The fin case, bulkhead and forward aft deck

What you need

  1. 5 minute epoxy

  2. Slow cure epoxy

  3. Fin

  4. Fin case

  5. Rudder

  6. Rudder stock brass tubes

  7. Cross bars for rudder stock and rudder servo mount.

  8. Prepared forward part of the aft deck

  9. Cut out bulkhead shape to fit under fordeck

  10. 1"glass tape

  11. Various fittings, jib tack bolts, mast ram, mainsheet post, back stay bolt, mainsheet pulley blocks, fairleads to allow the endless mainsheet to go through bulkhead

The Details

  1. Tape the hull into the jig so the shroud points on the deck are parallel to the base of the jig.  Everything will be aligned to this. 

  2. Measuring from the stern datum, mark the front and back of the fin hole on the outside of the hull.  Then mark a centreline which you will have marked on the frames of the jig.  This will get the correct alignment for the fin hole.  Remove the hull and using the fin, mark the contour of the fin.  Cut out the slot for the fin using a Dremel or similar being careful to cut well inside the line.  Use sandpaper to open the slot to fit the fin exactly.  

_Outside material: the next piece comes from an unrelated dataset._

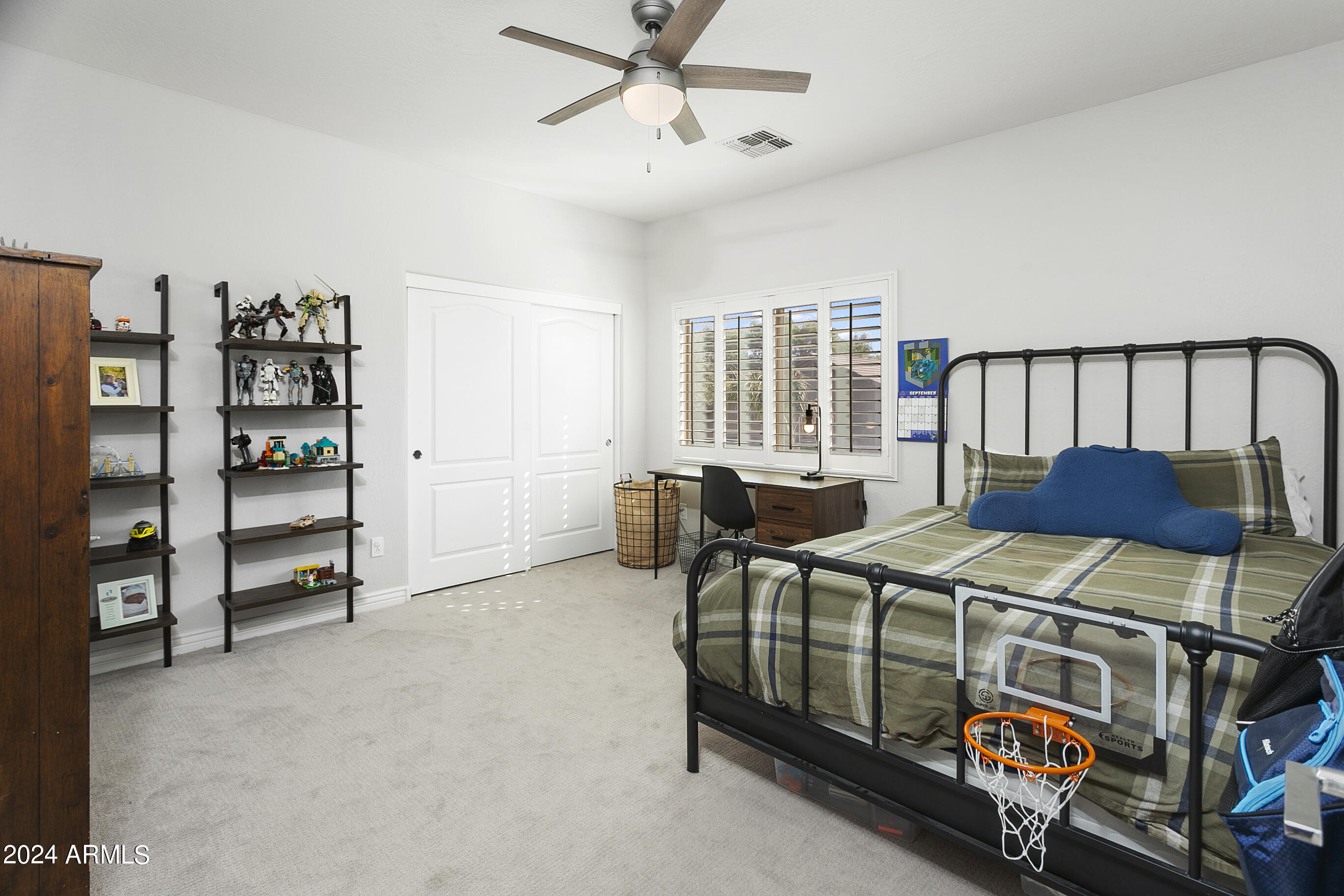 11618 E CHESTNUT Court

  3. Tape the hull back in the jig.  With the fin in the slot, push the  fin case over the fin so that the bottom of the case is lying on the hull.  There are two measurements on the plan to align the fin, one shows the tip of the fin where is enters the bulb.  This  should be 330mm from the bottom of the hull and the other measures from the same fin tip to the bottom of the bow of the boat.  If set up correctly the leading edge of the fin should be perpendicular to the waterline. Shape the bottom of the fin box and fin until this is achieved.  Ideally the fin should fit all the way into the fin box.  

  4. Reinforce the shroud bolt locations with half an inch of 1" tape and once dry fit the shrouds.

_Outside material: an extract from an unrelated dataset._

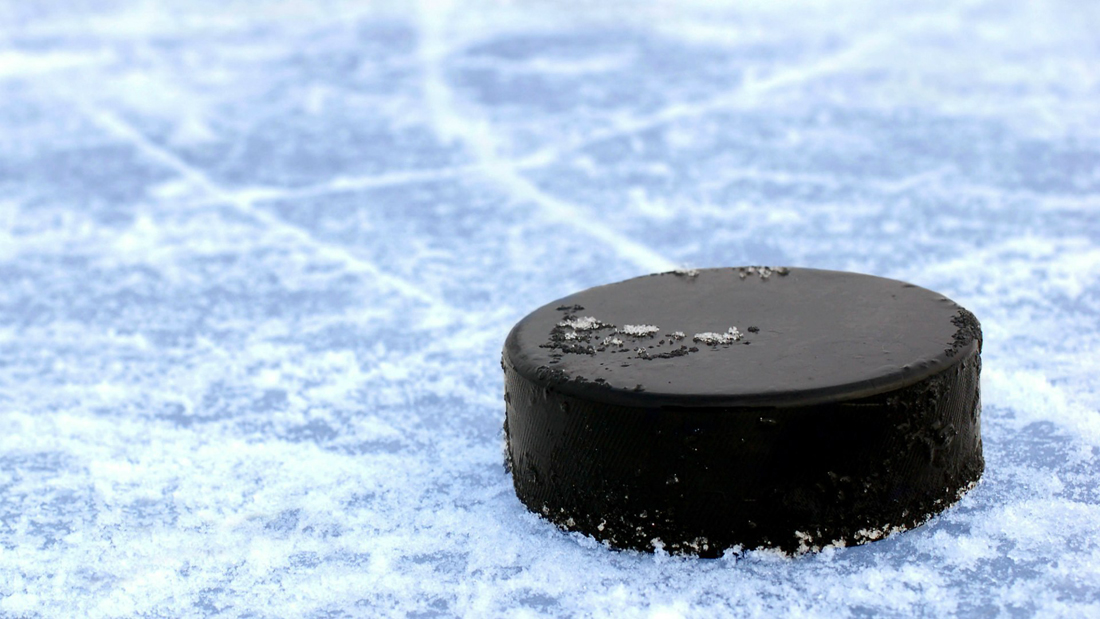 хоккейная шайба на льду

  5. There is a huge amount of strength with this design in this area and no further reinforcement is needed.

  6. Fit the shroud bolt now while you have access to the underside of the deck.

  7. Once the base of the fin box is shaped and the fin aligned, now is the time to dry fit the forward part of the aft deck and trim the top of the fin box until the deck fits snuggly.  Spot glue the fin box in place with the fin in the box and support in the right position.  Once fixed seal the fin box to the hull with 5 min epoxy and microballoons with a small fillet.  Finally reinforce the fin box to the hull with 1"glass tape and epoxy.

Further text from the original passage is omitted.